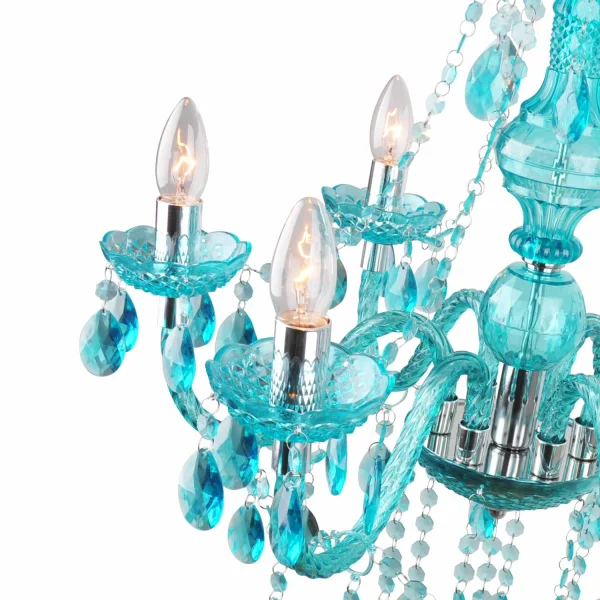 LAMPADA A SOFFITTO BLU EMEIR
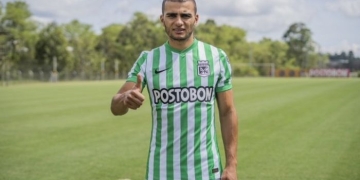Así fue presentado Jhon Duque en Atlético Nacional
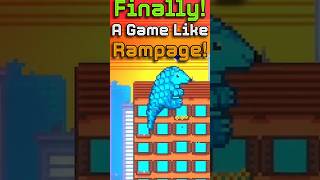 Indie Game Terror of Hemasaurus Reboots Rampage #indiegame #retrogaming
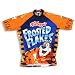 World Jersey's Men's Kellogg's Frosted Flakes Short Sleeve Cycling Jersey Image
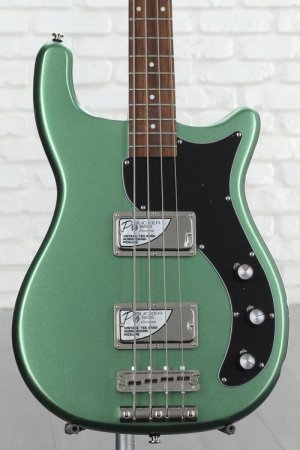 Epiphone Embassy Bass Guitar - Wanderlust Green Metallic | Sweetwater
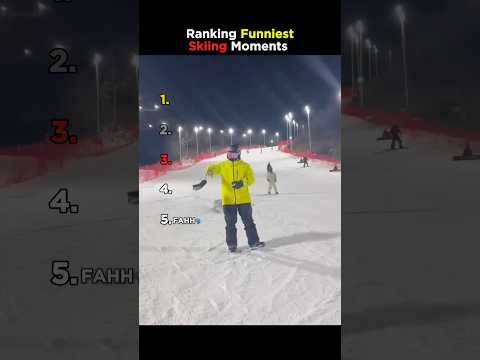 Ranking Funniest Skiing Moments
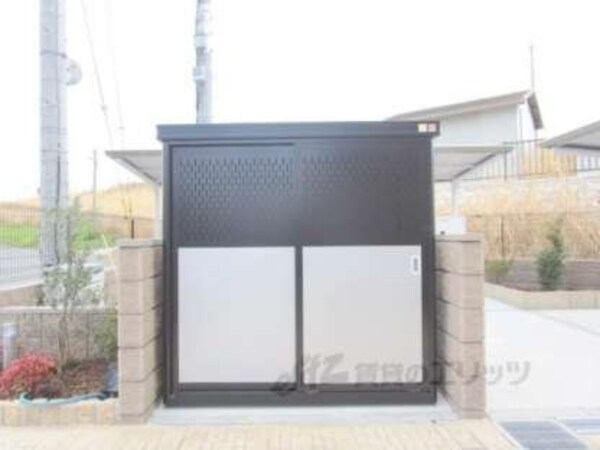ゴミ置き場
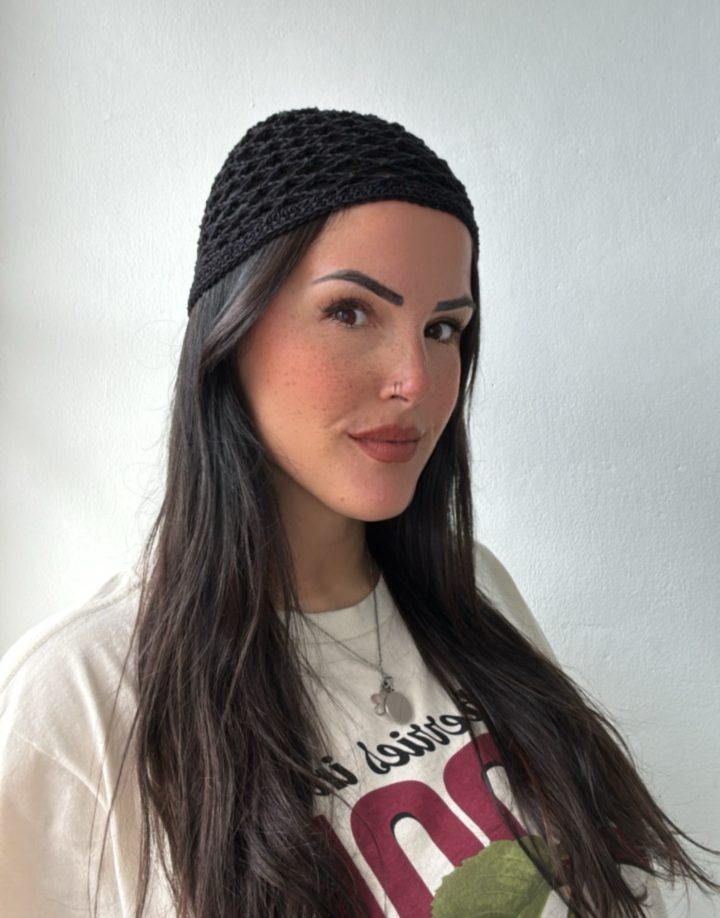 MESH HAT NEGRO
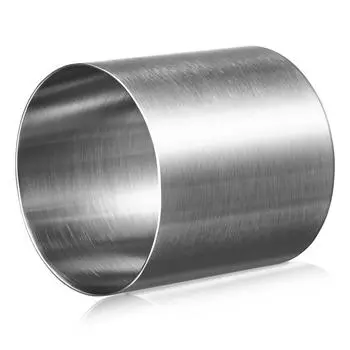 Круглая форма для мусса, бисквита, мини-торта, воронка, кольцо, шоколад, нержавеющая сталь, высокое качество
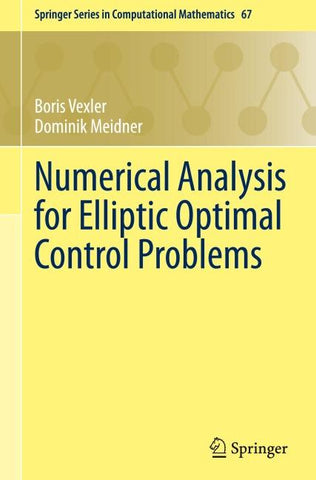Numerical Analysis for Elliptic Optimal Control Problems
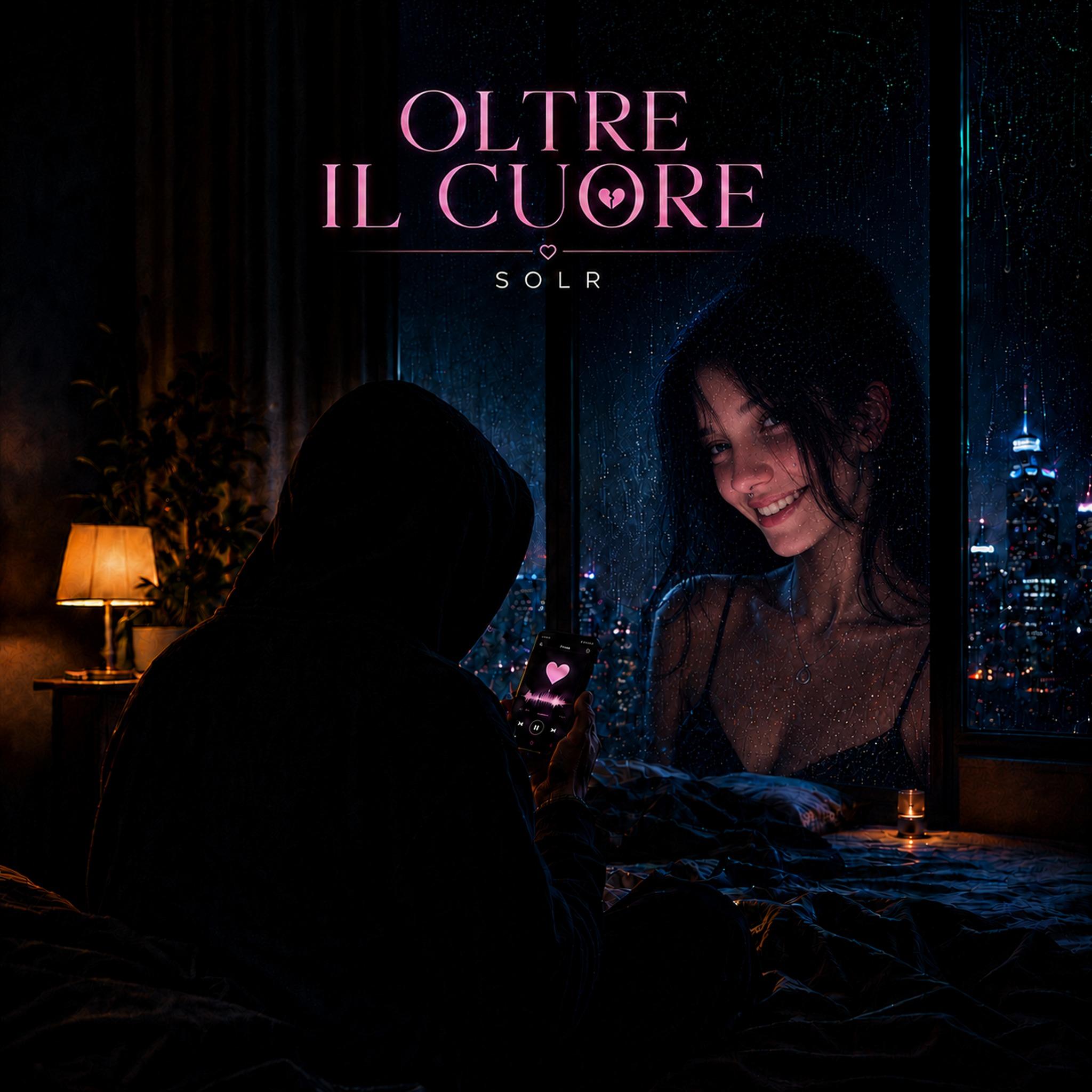 Cover reale del progetto Oltre il cuore di Solr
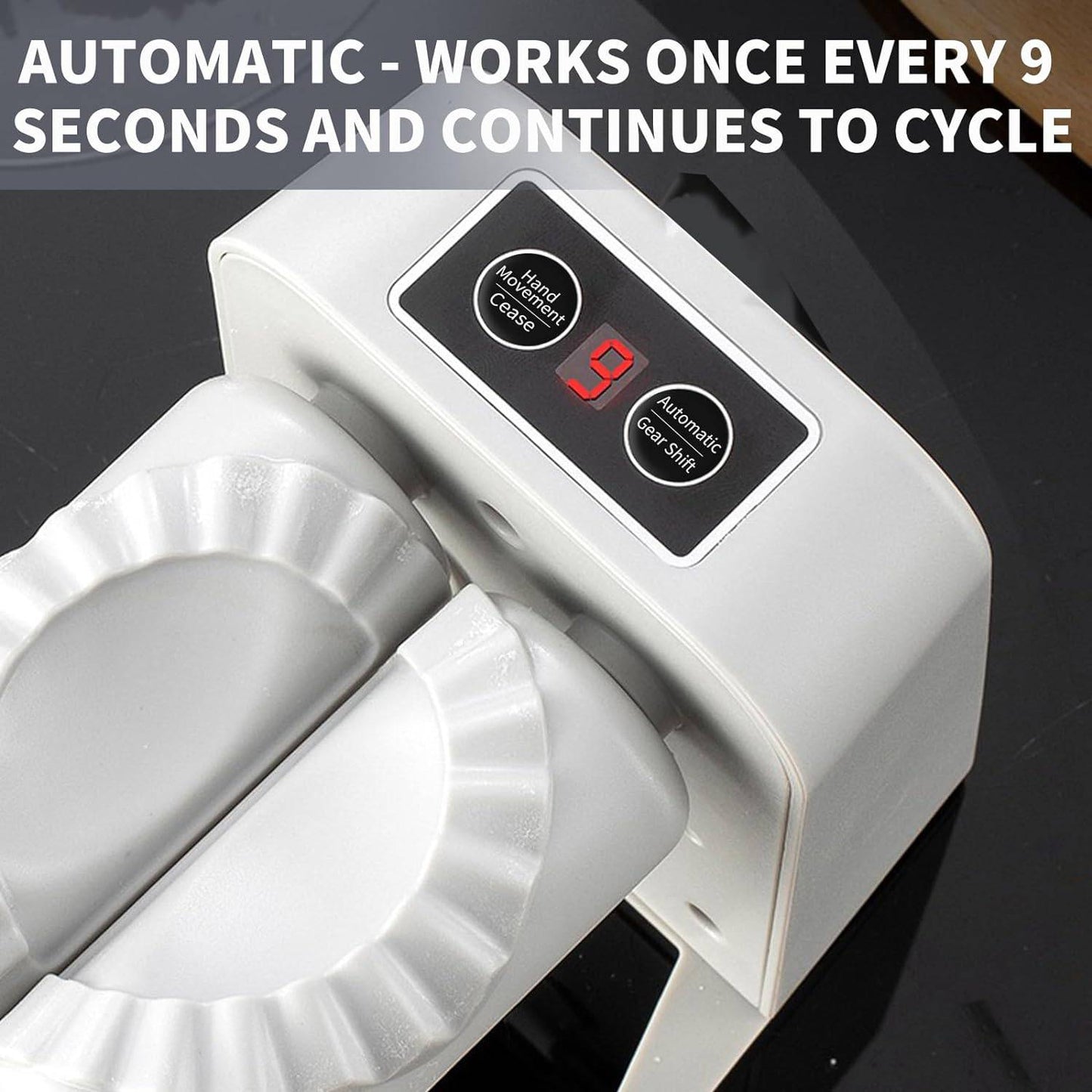 COOLBABY Automatic Electric Dumpling Maker Machine Dumpling Mould Pressing - COOL BABY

Exercise prompt - Exact repetition is required for the lines from the first one in the listing through the one that holds "Numerical Analysis for", and pictures are to be omitted.

Output for this exercise -
 LAMPADA A SOFFITTO BLU EMEIR
Así fue presentado Jhon Duque en Atlético Nacional
 Indie Game Terror of Hemasaurus Reboots Rampage #indiegame #retrogaming
 World Jersey's Men's Kellogg's Frosted Flakes Short Sleeve Cycling Jersey Image
 Epiphone Embassy Bass Guitar - Wanderlust Green Metallic | Sweetwater
 Ranking Funniest Skiing Moments
ゴミ置き場
 MESH HAT NEGRO
 Круглая форма для мусса, бисквита, мини-торта, воронка, кольцо, шоколад, нержавеющая сталь, высокое качество
Numerical Analysis for Elliptic Optimal Control Problems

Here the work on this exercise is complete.